For art events / video happenings, Diane and I specialized in creating multiple layers on the video screen.  I believe that at times we had the image going through eight separate pieces of video and computer hardware, each of which could be controlled by a different individual, or group of individuals.  The entire combination involved: 1) the creating of the live video picture (through the selection and framing of images); 2) the processing of the live video picture (manipulating color and frame-rate, horizontal and vertical stretching and compressing, etc.); 3) the mixing of the live video picture with pre-recorded images (often supplied by videotape); and 4) electronic painting over all of the above.  As you can imagine, a good deal of self-discipline and sensitivity is called for when multiple individuals are manipulating this number of factors to create a combined picture.

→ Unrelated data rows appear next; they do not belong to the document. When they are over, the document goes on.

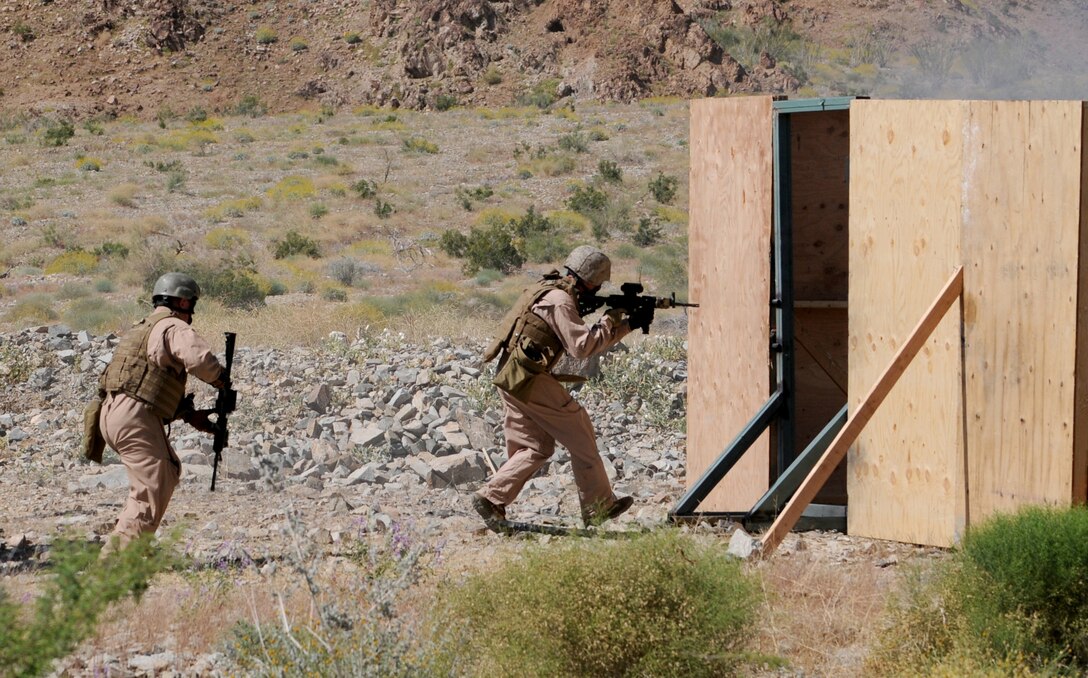 Members of the Marine Wing Support Squadron 373 explosive ordnance disposal team rush into a structure they built for training purposes. The team trained with breaching charges for an upcoming deployment to Afghanistan. The team stayed in Yuma due to the air station’s proximity to the ranges and to train with MWSS-371 and station EOD teams. Master Gunnery Sgt. Carl Holden, MWSS-371 EOD staff noncommissioned officer in charge and a former close-quarters battle instructor for Marine Special Operations Command, taught the Marines the advanced rifle and pistol techniques he used to teach to force reconnaissance Marines.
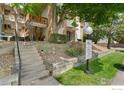 Apartment building exterior with landscaped front and stairway to the units at 2835 S Monaco Pkwy # 104, Denver, CO 80222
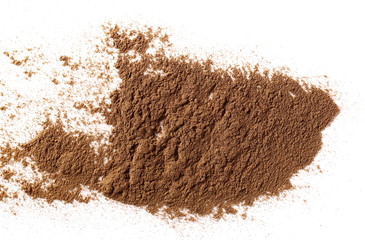 Cinnamon powder isolated on white background, top view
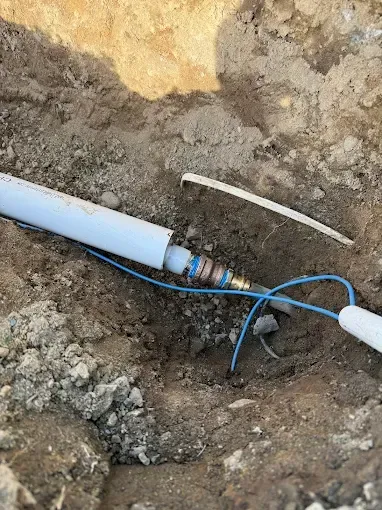 Broken blue cable and white pipe exposed in a dirt excavation site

Our computer input devices included mice, keyboards, and electronic pads and pens.  The video mixers (used especially for image-processing) featured knobs, sliders, and buttons.  For the electronic painting, we had Amiga computers, and eventually, four small Sony electronic paint pads.  Keying was done with both the Amigas and the mixers.  (Keying is a type of image-processing and mixing in which, for example, the image of a dancer's body, costumed and lit to be light-colored, can be replaced by another video source, often just a solid color; or conversely, it can be the dark areas of the picture that are replaced by the other source.) 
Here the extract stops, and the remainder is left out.